Possible Duplicate:
Fetching datetime from float and vice versa in python
Like many people I switched from Matlab
to Python
. Matlab
represents each date as a number. (Integers
being days since 00-00-0000
, and fractions being time in the day). I believe that python
does the same except off a different start date 0-0-0001
I have been playing around with datetime
, but cant seem to get away from datetime
objects and timedeltas
. I am sure this is dead simple, but how do I work with plain old numbers (floats)?
perhaps as a bit of context:
i bring in a date and time stamp and concatenate them to make one time value:
from datetime import datetime
date_object1 = datetime.strptime(date[1][0] + ' ' + date[1][1], '%Y-%m-%d %H:%M:%S')

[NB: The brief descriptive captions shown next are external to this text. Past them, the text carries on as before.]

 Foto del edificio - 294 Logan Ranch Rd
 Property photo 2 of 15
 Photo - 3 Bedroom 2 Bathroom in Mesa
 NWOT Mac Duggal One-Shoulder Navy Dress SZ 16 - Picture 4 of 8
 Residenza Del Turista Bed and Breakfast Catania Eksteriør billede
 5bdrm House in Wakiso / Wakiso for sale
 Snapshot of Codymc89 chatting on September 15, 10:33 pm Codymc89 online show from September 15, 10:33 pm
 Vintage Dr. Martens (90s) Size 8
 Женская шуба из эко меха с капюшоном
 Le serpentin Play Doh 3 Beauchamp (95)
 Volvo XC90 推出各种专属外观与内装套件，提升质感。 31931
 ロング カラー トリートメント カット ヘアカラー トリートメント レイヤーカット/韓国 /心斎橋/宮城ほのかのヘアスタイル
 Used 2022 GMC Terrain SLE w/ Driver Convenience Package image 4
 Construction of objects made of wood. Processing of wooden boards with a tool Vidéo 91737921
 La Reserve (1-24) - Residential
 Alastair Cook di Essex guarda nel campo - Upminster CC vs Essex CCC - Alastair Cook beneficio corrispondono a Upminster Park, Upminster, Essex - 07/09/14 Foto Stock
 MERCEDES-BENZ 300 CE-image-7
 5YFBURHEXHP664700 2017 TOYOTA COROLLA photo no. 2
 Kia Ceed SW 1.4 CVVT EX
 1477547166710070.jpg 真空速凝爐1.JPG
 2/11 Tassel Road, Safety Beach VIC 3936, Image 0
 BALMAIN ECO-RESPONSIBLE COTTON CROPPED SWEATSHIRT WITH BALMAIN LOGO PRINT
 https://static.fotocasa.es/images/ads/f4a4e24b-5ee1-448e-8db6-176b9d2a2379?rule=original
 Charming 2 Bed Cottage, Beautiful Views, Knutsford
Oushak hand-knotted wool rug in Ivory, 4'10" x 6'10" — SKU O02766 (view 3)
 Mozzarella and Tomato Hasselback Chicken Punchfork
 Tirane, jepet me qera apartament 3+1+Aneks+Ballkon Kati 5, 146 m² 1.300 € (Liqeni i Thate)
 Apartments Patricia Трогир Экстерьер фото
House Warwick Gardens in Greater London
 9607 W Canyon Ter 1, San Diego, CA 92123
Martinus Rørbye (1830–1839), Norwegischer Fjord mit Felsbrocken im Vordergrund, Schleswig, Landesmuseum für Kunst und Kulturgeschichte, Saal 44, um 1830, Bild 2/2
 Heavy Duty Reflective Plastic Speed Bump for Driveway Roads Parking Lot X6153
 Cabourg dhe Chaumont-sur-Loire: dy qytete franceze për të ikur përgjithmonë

date_object2 = datetime.strptime(date[2][0] + ' ' + date[2][1], '%Y-%m-%d %H:%M:%S')
The datetime class provides two methods, datetime.timestamp() that gives you a float
and datetime.fromtimestamp(timestamp) that does the reverse conversion. To get the timestamp corresponding to the current time you have the time.time() function.
Note that POSIX epoch is 1970-01-01.
Try this out:
import time
from datetime import datetime
t = datetime.now()
t1 = t.timetuple()
print time.mktime(t1)
It prints out a decimal representation of your date.